Among these three main minerals, two minerals – bridgmanite and davemaoite – have both perovskite-type crystal structures. This structure is also widely known in physics, chemistry, and materials engineering, as some materials with the perovskite-type structure have shown superconductivity.
At shallow depths, minerals with similar crystal structures often merge and become single minerals, typically under a high-temperature environment.
Despite the structural similarity, however, existing studies have shown that davemaoite, rich in calcium, and bridgmanite, rich in magnesium, remain separate throughout the lower mantle.
“Why davemaoite and bridgmanite do not merge into one despite the fact that they have very similar atomic-scale structures?“ Sang-Heon Dan Shim, co-author of the Nature paper, said in a media statement. “Many attempts have been made to find conditions where these two minerals merge, yet the answer from experiments has been consistently two separate minerals. This where we felt we need some fresh new ideas in experiments.”
The new experiment was an opportunity for the research group to try various heating techniques to compare methods.
Instead of increasing temperature slowly in conventional high-pressure experiments, they increased temperature very fast to the high temperature related to the lower mantle, reaching 3000–3500 F within a second. The reason for this was that once two perovskite-structured minerals form it becomes very difficult for them to merge even if they enter into temperature conditions where a single perovskite mineral should be stable.
By heating the samples fast to target temperatures, Shim and his co-author Byeongkwan Ko were able to avoid the formation of two perovskite-structured minerals at low temperatures. Once they reached the temperature of the lower mantle, they monitored what minerals formed for 15–30 min using X-ray beams. They found that only single perovskite mineral forms, unexpected from the previous experiments.

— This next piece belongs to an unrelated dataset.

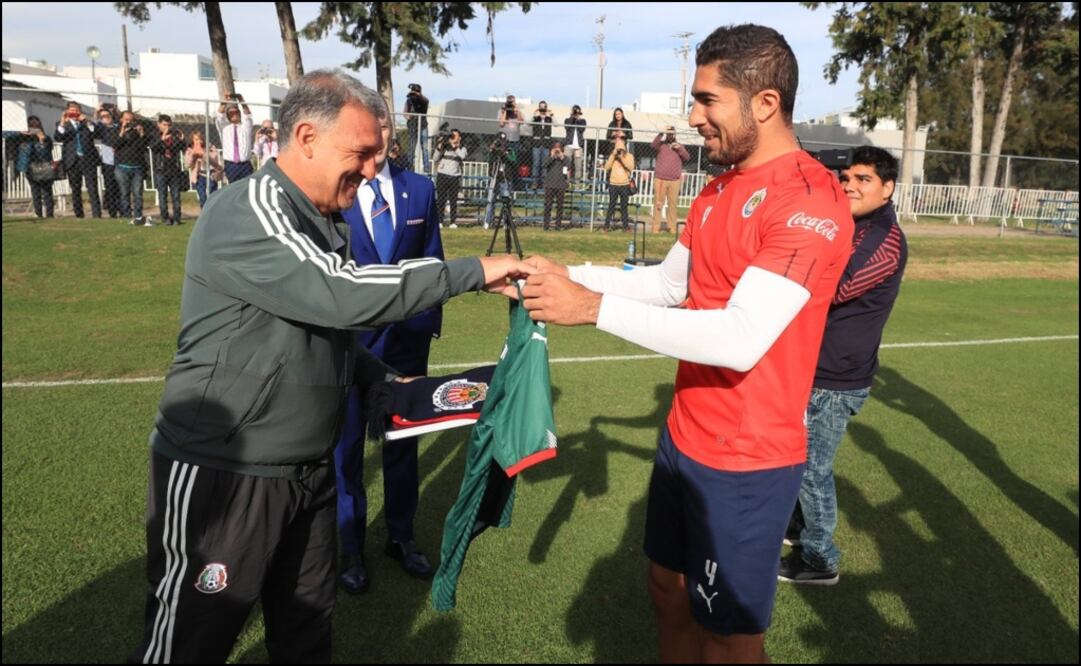 MArtino visitó el entrenamiento del Rebaño Sagrado | Twitter: @Chivas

They also noticed that at sufficiently high temperatures greater than 3500 F, davemaoite and bridgmanite become a single mineral in the perovskite-type structure.
“It has been believed that a large size difference between calcium and magnesium, the major cations of davemaoite and bridgmanite, respectively, should hinder these two minerals from merging,” Ko said. “But our study shows that they can overcome such a difference in hot environments.”
The experiments suggest that the deeper lower mantle with sufficiently high temperature should have a mineralogy different from the shallower lower mantle. Because the mantle was much warmer in the early earth, the group’s new results indicate that most of the lower mantle had a single perovskite-structured mineral then, which means the mineralogy differed from the present-day lower mantle.
This new observation has a range of impacts on understanding of the deep earth. Many seismic observations have shown that the deeper lower mantle properties are different from the shallower lower mantle. The changes are reported to be gradual. The merge of bridgmanite and davemaoite is shown to be gradual in the research group’s experiments.
Also, the properties of a rock with three main minerals; bridgmanite, ferropericlase, and davemaoite, do not match well with the properties of the deeper lower mantle. Ko and collaborators predict that these unresolved problems can be explained by a merge of bridgmanite and davemaoite to a new single perovskite-structured mineral.